BLM activists also defaced a statue of wartime Prime Minister Winston Churchill and a statue in Bristol of 18th-century slave trader Edward Colston was torn down and thrown into the harbor. Police officers came under attack in London multiple times over the weekend, prompting a sizable deployment of anti-riot officers onto the streets on Sunday night.

"I do not condone but would condemn isolated cases of people throwing projectiles towards police or property, but this behavior was not representative of the vast majority of protesters and should not have been used by the prime minister or home secretary to tarnish them with the same brush," Ali stated.

UK Prime Minister Boris Johnson stated on Sunday that the protest movement had been "subverted by thuggery," which amounted to a "betrayal of the cause they purport to serve."

In a rare display of apparent agreement, London Mayor Sadiq Khan also condemned the violence, stating that such actions undermine the political message of the broader movement.

Controversy has also arisen as thousands of protesters take to the streets at a time when the UK remains beset by the ongoing COVID-19 pandemic.

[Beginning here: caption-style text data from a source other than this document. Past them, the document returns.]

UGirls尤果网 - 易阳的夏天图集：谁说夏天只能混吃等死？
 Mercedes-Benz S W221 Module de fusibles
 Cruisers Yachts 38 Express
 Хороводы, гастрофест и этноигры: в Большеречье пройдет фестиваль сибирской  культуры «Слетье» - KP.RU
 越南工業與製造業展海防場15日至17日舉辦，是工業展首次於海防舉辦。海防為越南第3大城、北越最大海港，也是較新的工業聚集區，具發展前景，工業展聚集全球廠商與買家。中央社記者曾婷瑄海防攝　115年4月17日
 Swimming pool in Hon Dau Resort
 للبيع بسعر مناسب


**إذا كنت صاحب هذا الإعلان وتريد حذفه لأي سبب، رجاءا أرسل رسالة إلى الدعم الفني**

Whilst critics have cited the apparent hypocrisy of allowing such displays to go ahead, others have been more supportive, pointing out that issues of racism within western society are themselves an issue that demands immediate action.

"This latest movement and backlash against police violence has all the makings of a major step-change in tackling institutional racism, to combat not just widespread incidents of racism but the structures which would allow such inequality to fester and afflict generation upon generation," Ali argued.

Tackling the UK's systematic racism, represented by the statue of Colston that previously stood in the city of Bristol, appears to be far more important to demonstrators than the risk of contracting the coronavirus disease, Ali stated.

"The toppling of Colston statute in Bristol represents the depth of feeling around institutional hypocrisy. The determination of people across society to march despite [the] risk of [the] deadly virus demonstrates that some things are worth fighting for even at the risk of dying from the act of doing so," the Green Party official remarked.

In Parliament on Monday, Home Secretary Priti Patel stated that roughly 200 protests against police brutality and racial inequality took place across the United Kingdom over the past weekend. The majority were peaceful, but a total of 135 people have been arrested after several demonstrations turned violent.

Protesters in London marched on Parliament Square on Saturday, before turning their attention to the US Embassy on Sunday, in protest against the death of Floyd.